Doom merchants will always have a reason to justify the sky falling. The latest (and one of the funniest) is the “per-capita recession”. Yes, if you subtract a contributing factor from any data set it gives a worse result. Immigration and population increases have contributed significantly to Australia’s growth for more than two centuries. What value is there in stripping these important factors from the data?
Additionally, there are fundamental forces that speak to the possibility of a higher share market. The more accommodative stance of central banks in general, and the RBA in particular, provides a cushion to the economy. The increasingly dovish RBA stance weighs on the Australian dollar, making local shares more attractive to international investors.
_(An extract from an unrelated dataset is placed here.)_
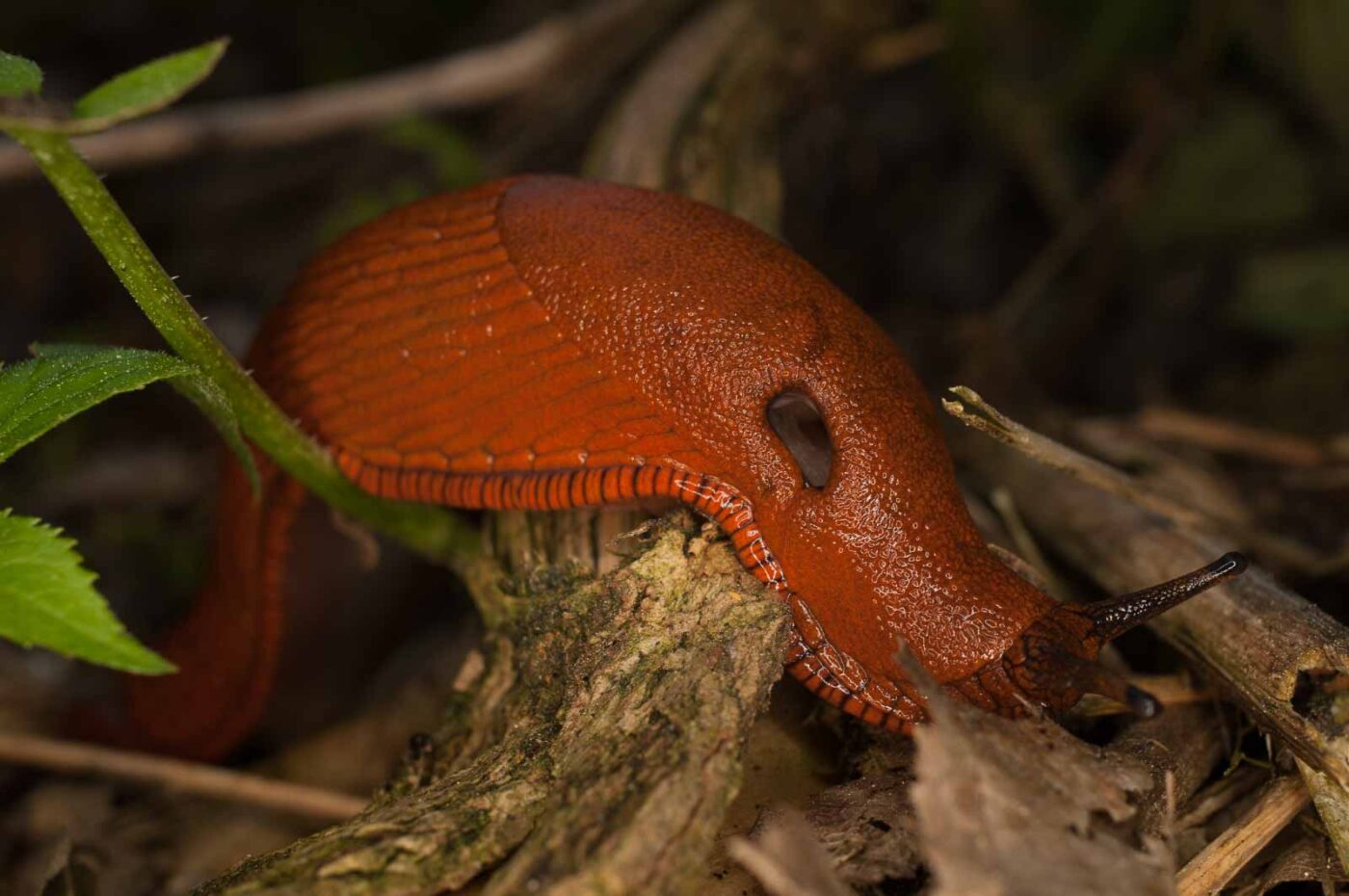 2017-05-21 - NSG Binksknapp Recklinghausen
Outperformance from the largest sectors may drive further index gains. Banks share prices are in defensive territory, largely due to the need to deal with misbehaviour identified at the Royal Commission Inquiry. The surprise result at the Federal election is supportive of the broader economy and the finance sector specifically. Changes to negative gearing and franking credits are off the table and this is positive for both the business and investment cases for bank shares.
Resource stocks are looking at potential re-ratings as the most consequential commodities defy analysts’ forecasts. Iron ore price estimates for this year are broadly between US $55 and $75 a tonne. The spot price is above $100. The situation is similar in crude oil, aluminium and gold, especially in Australian dollar terms. When commodity strategists increase their longer run commodity price estimates the impact on share valuations can be dramatic.
The risks of going against conventional wisdom are reputational as well as financial. Many investors would subconsciously prefer to lose with the crowd than risk the ego hit of going against the flow and being wrong. Naturally, investors must make up their own minds. However blindly following the crowd rarely delivers extraordinary returns.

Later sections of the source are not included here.